A “no” vote on the referendum would repeal Senate Bill 5395, which Washington Governor Jay Inslee signed despite protests and thousands of emails and phone calls objecting to the legislation. The legislation mandated CSE for public school children from kindergarten through 12th grade.
Organizations working together to gather signatures included the Family Policy Institute of Washington, Informed Parents of Washington, Students for Life, Parents’ Rights in Education and Parents for Safe Schools. Given the coronavirus lockdown, with stay-at-home orders and restrictions on gatherings, they had to be creative about gathering petitions.
The groups used only volunteers, with no paid signature gatherers. They hosted daily drive-thru signings – with gloves, masks and physical distancing – at church parking lots throughout the state. Individuals set out coffee tables with petitions on their driveways or front porches – with wipes for sanitizing pens after each signing.
SB 5395 was heavily supported by groups like the ACLU of Washington, NARAL Pro-Choice Washington, the Gender Justice League, and Planned Parenthood Votes Northwest and Hawaii.
Parents and other concerned citizens were unhappy with the bill mandating CSE for a number of reasons. Many of them want more local and parental control, rather than state mandates. Parents were upset that CSE typically emphasizes “sexual expression, sexual fulfillment and sexual pleasure,” a philosophy of sexuality that is in opposition to traditional values and is a huge departure from teaching about reproduction.
Parents groups note that Washington state schools were failing in many fundamental areas. A 2019 report, for example, showed that only 48.9% of students met state math standards, with 59.6% of students meeting English and language arts standards.

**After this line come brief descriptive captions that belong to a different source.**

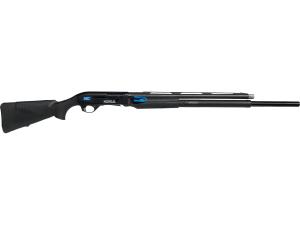 Nordic Components Shotgun Modular Telescopic Magazine Extension Benelli M1, M2, SBE, SBE2, SBE3 12 Gauge 9-Round - 840677
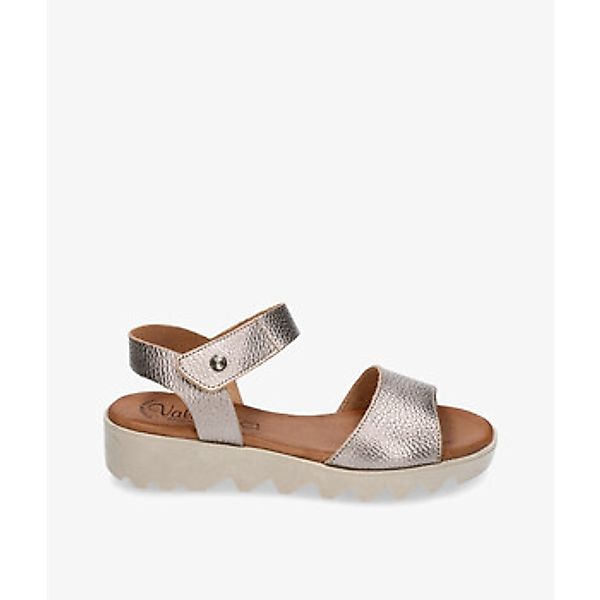 Valeria's  Pumps 7144 günstig online kaufen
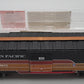 Menards 279-3981 O Southern Pacific Boxcar #9673 LN/Box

Given that poor track record, they wonder why the legislature placed such a heavy emphasis on sexuality education.
Bishop Daniel Mueggenborg, from the Archdiocese of Seattle, pointed to the law’s requirement that children be taught “affirmative consent” – that they must give “conscious and voluntary agreement to engage in sexual activity as a requirement before sexual activity.” One legislator asked, “What’s affirmative consent when you’re a kindergartner?”
Informed Parents of Washington has examined some of the state-approved curricula and says, “We are not against sexual education, but we are absolutely against the inappropriate, pleasure-based components within CSE that we feel harm our children.”

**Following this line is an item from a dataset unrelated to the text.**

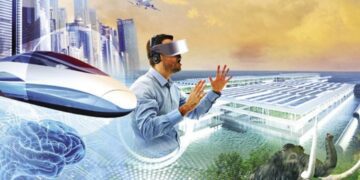 Texnologiya dünəndən bu günə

The group argues: “Elementary age children do not need to learn about masturbation. Teens should not be told that the pull-out method is more effective than they think. Kids should not be taught that sexting is as innocent as watching a movie together, and schools should not be suggesting co-bathing as an alternative [to sexual intercourse].”
With the signatures scanned and tallied at the secretary of state’s office, the group says it has volunteers overseeing the verification process. With certification of Referendum 90 likely, a November vote to defeat CSE is less certain, especially with groups like Planned Parenthood and the ACLU spending money on the campaign.
But given their record-breaking effort to place the initiative on the ballot, these parents and concerned citizens will continue working hard to restore parent’s rights in education and protect children.